In recent years there have been a few odyssey films of sorts. “Wild Hogs” clumsily attempts it, a middleclass version featuring three ageing males distressed with their mundane lives — motorcycles, deserts and no dead bodies to liven it up. In a stretch “Superbad” and others like it might be viewed as teen odysseys overcoming obstacles in a quest to lose virginity. Odysseus, I figure, would be ashamed to have his name associated with these poor efforts. But there is, however, one that sticks charmingly to the classic odyssey story. While “Oh Brother, Where Art Thou” is a free adaptation — it’s not like Odysseus and his comrades sang a lot save for a sea chantey now and then — and pays homage to the basic story points. Led by George Clooney, and you must admit he makes a fine Odysseus, three escaped convicts set out on a desperate journey chasing after a treasure that doesn’t exist. Right off the bat we have what any genuine odyssey starts out with — a prophecy, this one intoned by a blind man who is a stand-in for a combination of the original Cassandra and Teiresias. And before you can rattle off the names of the Twelve Olympians, the three are seduced by the Siren’s song. One of the ladies, I guess for reasons of story economy, is a Circe who turns John Turturro into a toad rather than a swine, which is her usual custom.
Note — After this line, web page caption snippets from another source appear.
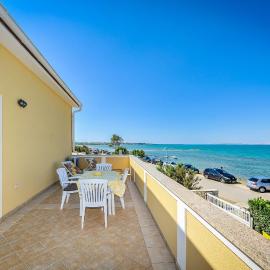 Apartments Dominique, hotell Ninis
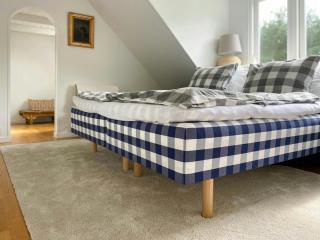 Lodge With Private Lake Near Bidstrup Forest - Hadsten - 7
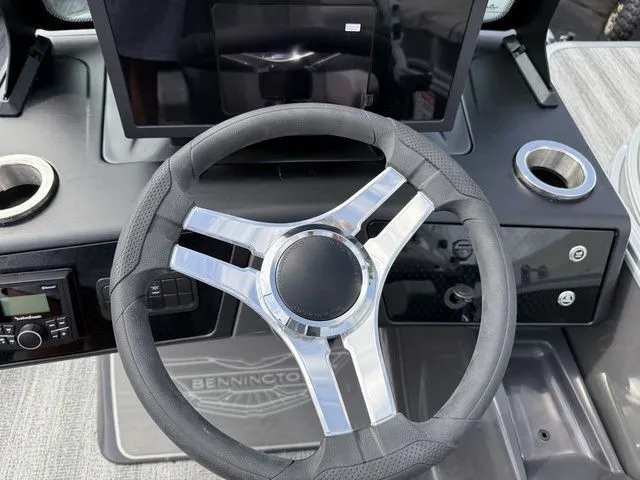 Slide: The Image of Bennington M Quad Bench 22 MFB Tritoon 2025 - 17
John Goodman sporting an eye-patch makes a dandy Polyphemus, the Cyclops and the KKK episode an adequate substitute for Odysseus’ harrowing sail through Scylla and Charydis. Everything winds up in a spectacular flood, reminding us of the dunking Odysseus suffered at the hands of Poseidon and a couple of thunderbolts, the hero returning to his Penelope and doing away with her suitor — not with arrows this time. It’s true, the film does lack corpses — a few dead cows maybe but that’s not clear.
For my money, “Oh, Brother” has it all over the re-doing of the Odyssey by Italian filmmakers in the 1954 “Ulysses”. I mean after all, Kirk Douglas alternately speaking in dubbed Italian and then in English? Fuit Ilium, I say, (something about Troy, it’s all I can remember from high school Latin).